В подобные удачи он не очень-то верил. Через шесть недель после встречи с Троцким в Смольном историк назвал иллюзией его слова о близком «взрыве» в германской армии. За это время, замечал Михаил Николаевич, наша армия почти растаяла, а немецкая стоит на своем месте, несмотря на прокатившуюся по Австрии и Германии волну забастовок.

Каков же выход из драматической ситуации, в которой оказалась молодая Советская республика? Этот вопрос мучил Покровского многие месяцы. Позже он писал, что в период Брестских переговоров страна была в положении человека, который очутился на шестом этаже горящего здания и перед которым стоит дилемма – что лучше: сгореть заживо или броситься с окна на мостовую? «При таких условиях многие из нас впадали в «левый» коммунизм, потому что другого выхода нет».

В Бресте Покровский принимал участие в переговорах о границах по политическим, экономическим, правовым и другим вопросам. Порой он удивлялся, почему немцы «все еще разговаривают с нами». По-видимому, делал вывод историк, они надеются на нашу разруху, чтобы монопольно использовать богатства России.

По наблюдениям немецкого дипломата Фокке, Покровский больше других членов советской делегации заботился о территориальных интересах России.
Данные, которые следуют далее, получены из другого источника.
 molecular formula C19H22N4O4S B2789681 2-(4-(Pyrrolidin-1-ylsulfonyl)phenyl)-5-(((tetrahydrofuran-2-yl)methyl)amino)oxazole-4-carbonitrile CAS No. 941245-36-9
Начальник Генерального штаба Верховного главнокомандующего на Восточном фронте немецкий генерал-майор М. Гофман вспоминал, что как-то за завтраком он так «разъяснил» советской делегации свое понимание мира без аннексий: центральные державы не считают аннексией определение дальнейшей судьбы оккупированных Германией народов бывшей Российской империи – Польши, Литвы и Курляндии «путем непосредственного сношения с их представителями, без участия русских властей». В ответ «русские дали полную волю своему изумлению и негодованию. Со слезами ярости Покровский объявил, что нельзя же говорить о мире без аннексий, когда у России отнимают чуть ли не 18 губерний. В конце концов, русские стали угрожать отъездом и перерывом переговоров».

Критическая ситуация на переговорах сложилась после заявления Троцкого о том, что правительство РСФСР из войны выходит, отдает приказ о полной демобилизации своих армий, но мира на условиях, предложенных странами Четвертого союза, не подписывает. В зале заседаний, вспоминал генерал Гофман, воцарилось молчание. Смущение было всеобщим. В тот же вечер состоялось совещание германской и австро-венгерской делегаций. Дипломаты были готовы принять декларацию Троцкого, однако Гофман от имени военного командования утверждал: раз мир не подписан, то значит цель перемирия не осуществилась, оно кончается и должны возобновиться враждебные действия. В конечном счете восторжествовала именно эта точка зрения.